[Image-text web data]
-----
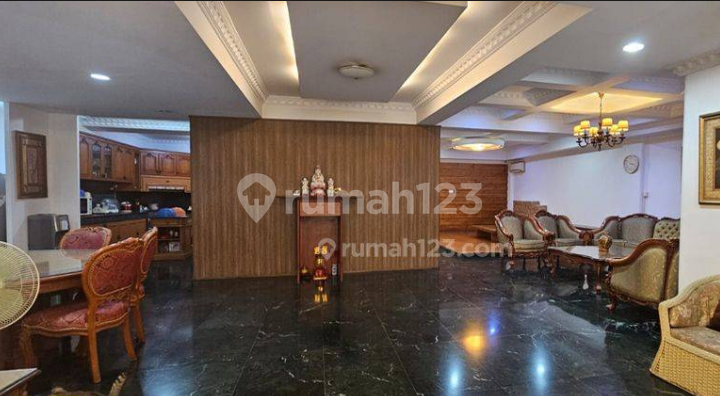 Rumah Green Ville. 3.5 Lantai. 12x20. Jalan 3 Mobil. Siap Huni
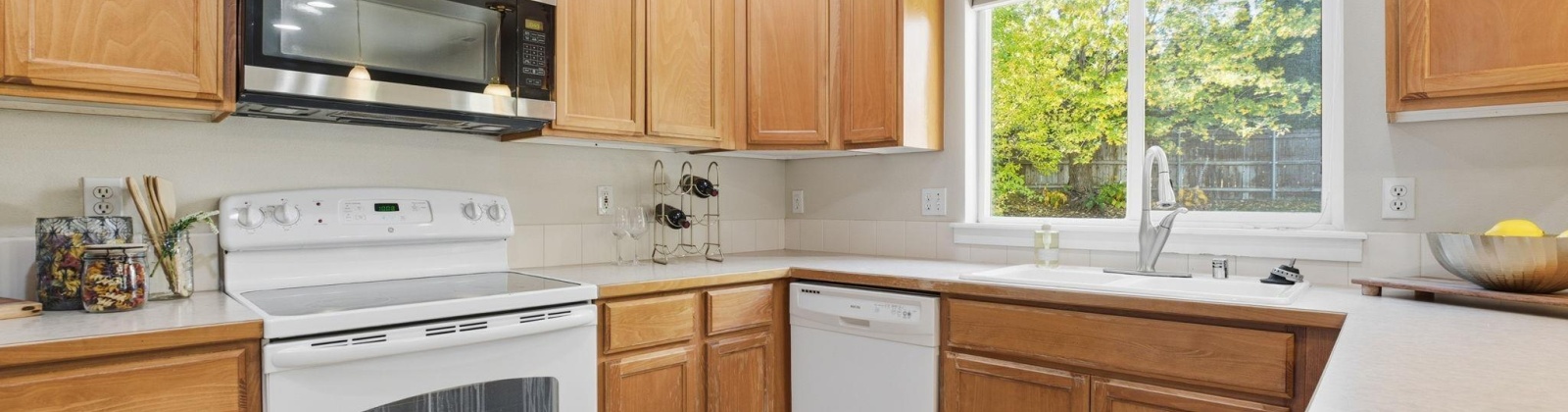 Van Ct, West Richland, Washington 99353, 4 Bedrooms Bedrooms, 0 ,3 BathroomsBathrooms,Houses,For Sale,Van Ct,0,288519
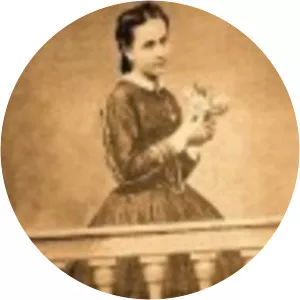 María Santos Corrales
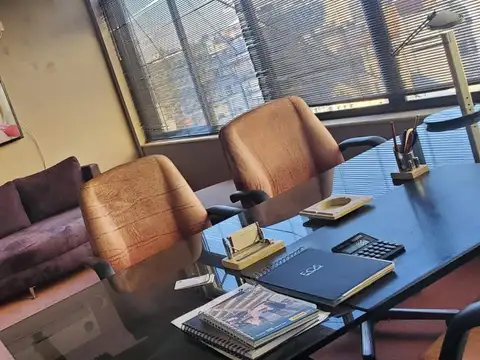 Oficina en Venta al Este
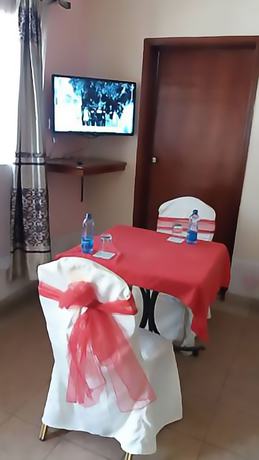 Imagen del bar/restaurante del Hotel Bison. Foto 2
-----
Extract, verbatim and alone, the lines from the line that contains "María Santos Corrales" to the last line of the records, inclusive; drop any picture.

 María Santos Corrales
 Oficina en Venta al Este
 Imagen del bar/restaurante del Hotel Bison. Foto 2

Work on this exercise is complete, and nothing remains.